Сам же эскулап вёл явно сибаритский образ жизни, если верить обстановке его квартиры: ковры, бархатные портьеры, дорогая мебель, позолота на люстрах, полки, гнущиеся под фарфоровой посудой.
— А ещё, — не преминул добавить я, — прежде чем зайти к вам в гости, я достаточно долго наблюдал за вашим жилищем, даже перебросился парой слов с одним из пациентов. Он сказал мне, что у вас просто золотые руки и всячески рекомендовал…
— Болтун, — покачал головой Смородин. — Я ведь предупреждал его держать язык за зубами.
— Прошу не ругать вашего пациента: он действовал исключительно из лучших побуждений. А вот я как начальник милиции хочу предупредить уже вас: не советую запираться. Для тех, кто со мной сотрудничает, я готов делать некоторые поблажки и закрывать глаза на то, что и преступлением называть не хочется, особенно, на фоне тех зверств, что недавно приключились в городе.
— О каких зверствах вы говорите? — напрягся Смородин.

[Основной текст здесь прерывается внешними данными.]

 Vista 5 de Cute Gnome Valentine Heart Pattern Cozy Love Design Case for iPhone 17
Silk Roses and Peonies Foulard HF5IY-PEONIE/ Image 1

— Весь город взбудоражен жестокими убийствами, а вы не в курсе? Позвольте не поверить вам, — сказал я.
— Я понимаю, о чём речь, но от меня ускользает другое: какое отношение имею я к этому изуверству?
— Скорее всего, вы оказывали хирургическую помощь одному из преступников.

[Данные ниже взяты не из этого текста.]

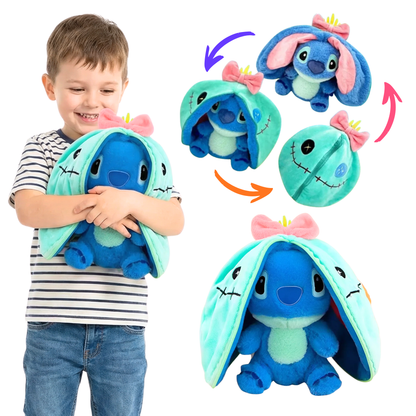 Sakuya Cute Blue Character Soft Toy with Zipper | Soft Stuffed Toy for Kids | 22cm Plush Animal | Machine Washable | Skin-Friendly Fabric | Cute Gift for Toddlers and Children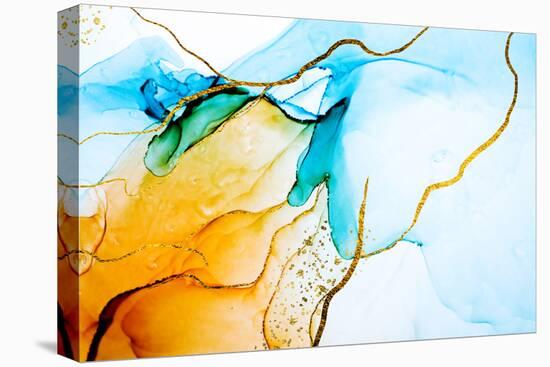 Transparent Creativity. Abstract Artwork. Trendy Wallpaper. Ink Colors are Amazingly Bright, Lumino-CARACOLLA-Premier Image Canvas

— Простите, но у моих пациентов на лбу не написано, что они преступники! — завёлся доктор.
— Разумеется, поэтому я пока что разговариваю с вами довольно миролюбиво. Но мой тон может резко измениться, если вы станете вилять. Советую сказать мне правду, и я от вас отстану. Исчезну из вашей жизни, как страшный сон.
Я дружелюбно улыбнулся. Конечно, с этого дня доктора я возьму на карандаш, и к нему приду в будущем и не раз. Смородин прекрасно понимал это, но был достаточно опытным человеком, чтобы сообразить, какими последствиями могут оканчиваться эти визиты. Одно дело, когда с тобой просто говорят, другое — когда пытаются пристегнуть к конкретной статье уголовного кодекса.
Мы разыгрывали партию, в которой победа с первого хода была моей, однако я делал всё, чтобы слегка подсластить пилюлю проигравшему.
— Хорошо, я готов сотрудничать, — выдавил наконец Викентий Викентьевич. — Мне что — надо подписать какие-то бумаги?
— К чему эти бюрократические формальности?! — воскликнул я. — Между нами самый обычный разговор и только. Более того: я сделаю всё, чтобы он стал нашей маленькой тайной.
Смородин кивнул.
— Спасибо. Не всем в городе понравится, что я вот так, тет-а-тет… общаюсь с начальником городской милиции.
— Эти люди ничего не узнают.
— Рад слышать. Но, чтобы оказаться полезным, мне надо понять, какой именно из моих пациентов вас интересует и за какой период? — Доктор испытующе уставился на меня.